El niño aún no nacido tiende a iniciar su propio proceso de naci­miento en respuesta a una configuración planetaria en particular. En este misterioso proceso, los planetas actúan como comadronas celes­tiales. Alguna especie de señal que emana de los planetas puede en­trar en interacción con el feto en el útero y estimularlo a esforzarse para que nazca en un momento determinado... Quizá no sea el mo­mento del parto el que selecciona el futuro, sino más bien es el futu­ro el que elige el momento del parto.

Así pues, parece que el potencial para todo lo que vamos a ser en este mundo está presente en el momento de la concepción, y que se incorpora a nuestro ser a medida que avanza el período de ges­tación. Que ese potencial se manifieste luego en la vida viene de­terminado por el propio nivel de conciencia y por cómo decidi­mos vivir nuestra vida. Las semillas están presentes en la concep­ción; el modo como crecen depende de cómo las alimentemos y reguemos.
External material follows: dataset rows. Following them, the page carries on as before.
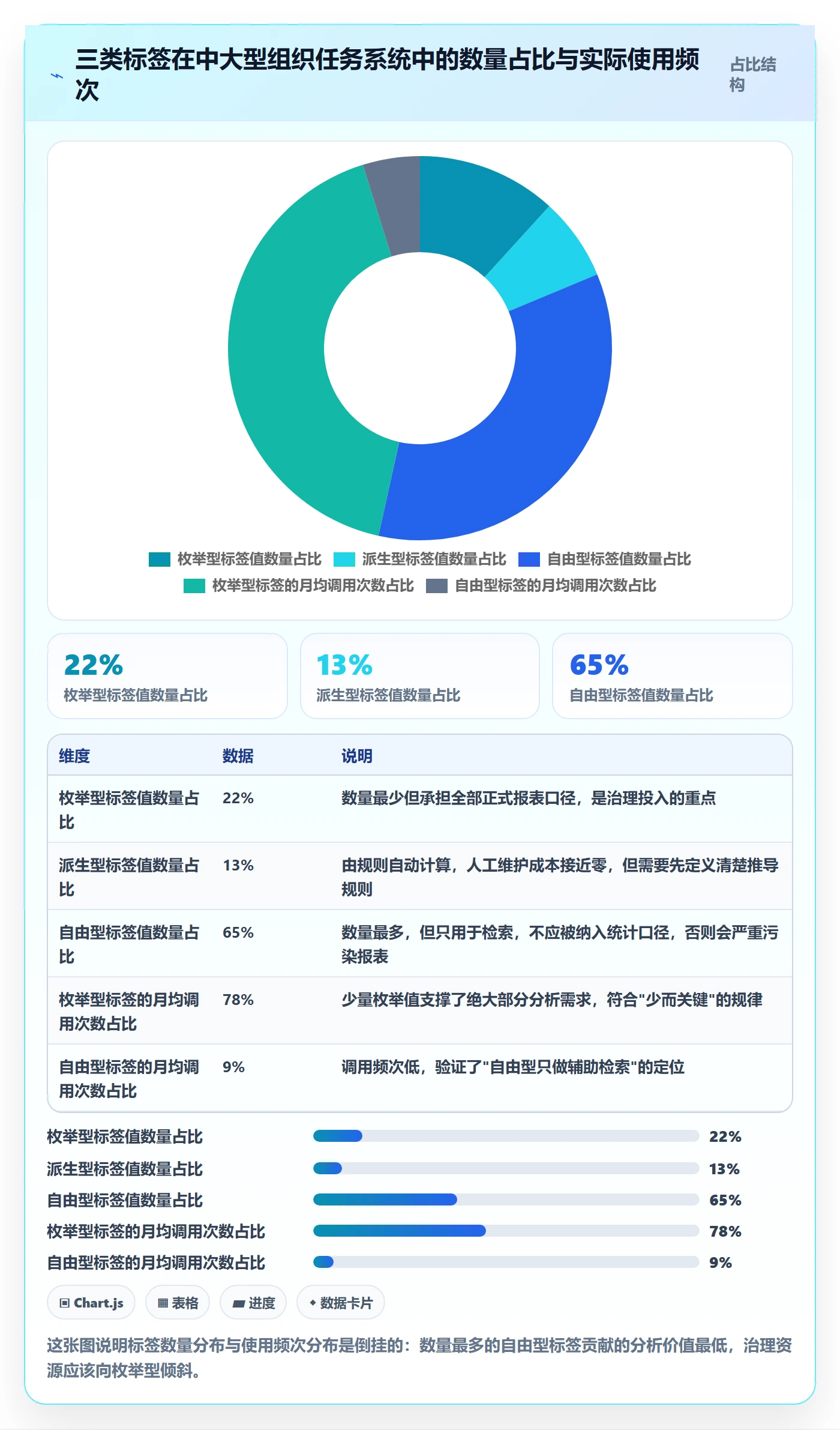 标签落地方案:产品经理开展任务属性的数据分析案例解析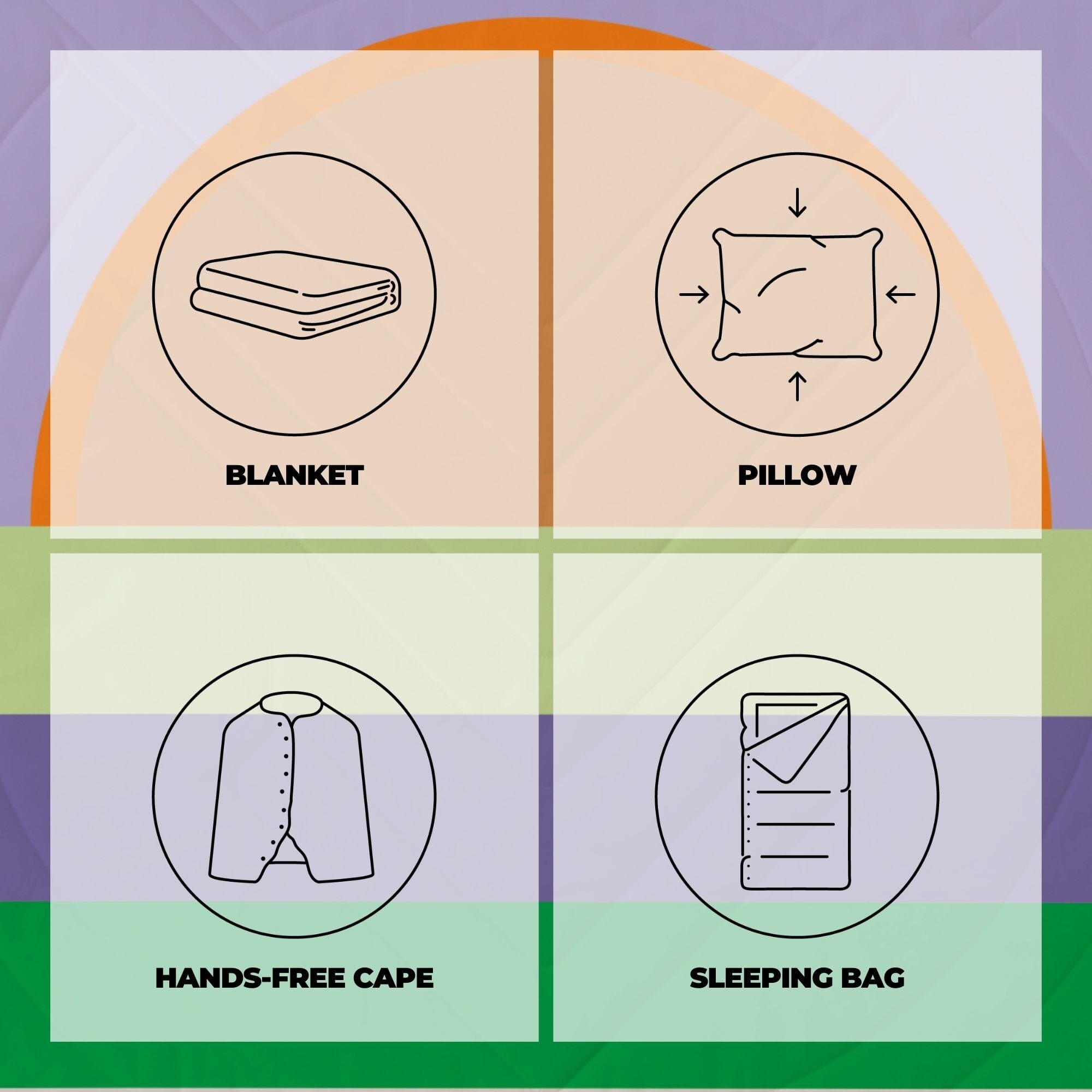 VOITED Recycled Ripstop Outdoor Camping Blanket - Easy Sundaze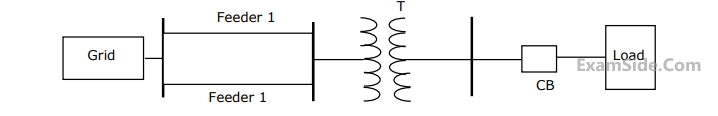 GATE EE 1999 Power System Analysis - Symmetrical Components and Symmetrical and Unsymmetrical Faults Question 8 English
Existen muchas teorías sobre el momento en que la conciencia del nuevo, ser penetra en la estructura celular, pero parece que des­de el instante de la concepción se encuentra allí un ente conscien­te, una inteligencia guía. Se usan muchos nombres para designar esta energía entrante: alma, espíritu, fuerza vital... En esencia, es inteligencia, pura y muy decidida a llevar a cabo su propósito. Esa inteligencia pura es la conciencia del nuevo ser. La concepción es el momento en que esta energía pasa de un estado etéreo a adqui­rir una forma y da vida a esa célula primigenia.

La concepción es el puente entre lo absoluto y lo relativo, en­tre lo que está más allá del tiempo, espacio y materia y lo que se encuentra en el tiempo, espacio y materia. Cruzar ese puente exige el compromiso de estar aquí y participar totalmente en la vida. La correspondencia física con la concepción es el cuello; a través de él podemos ver una relación directa, pues el cuello es el puente en­tre lo abstracto (la cabeza) y la realidad física (el cuerpo). El aire y la comida que tomamos a través de la cabeza deben pasar por el cuello para llegar al cuerpo a fin de mantener nuestra existencia fí­sica; de la misma manera, los pensamientos y sentimientos de la cabeza se manifestarán en el cuerpo y le darán movimiento y pro­pósito. Cuando se concibe cualquier idea o proyecto nuevo tiene que haber una manifestación en la forma física para que esa idea se convierta en realidad. En este sentido puede decirse que de la con­cepción deriva el resto de la gestación, o que el cuello da origen al resto del cuerpo. El cuello representa la ingestión, el comienzo de la vida. A través de él tragamos la realidad que luego forma la esencia de nuestro ser.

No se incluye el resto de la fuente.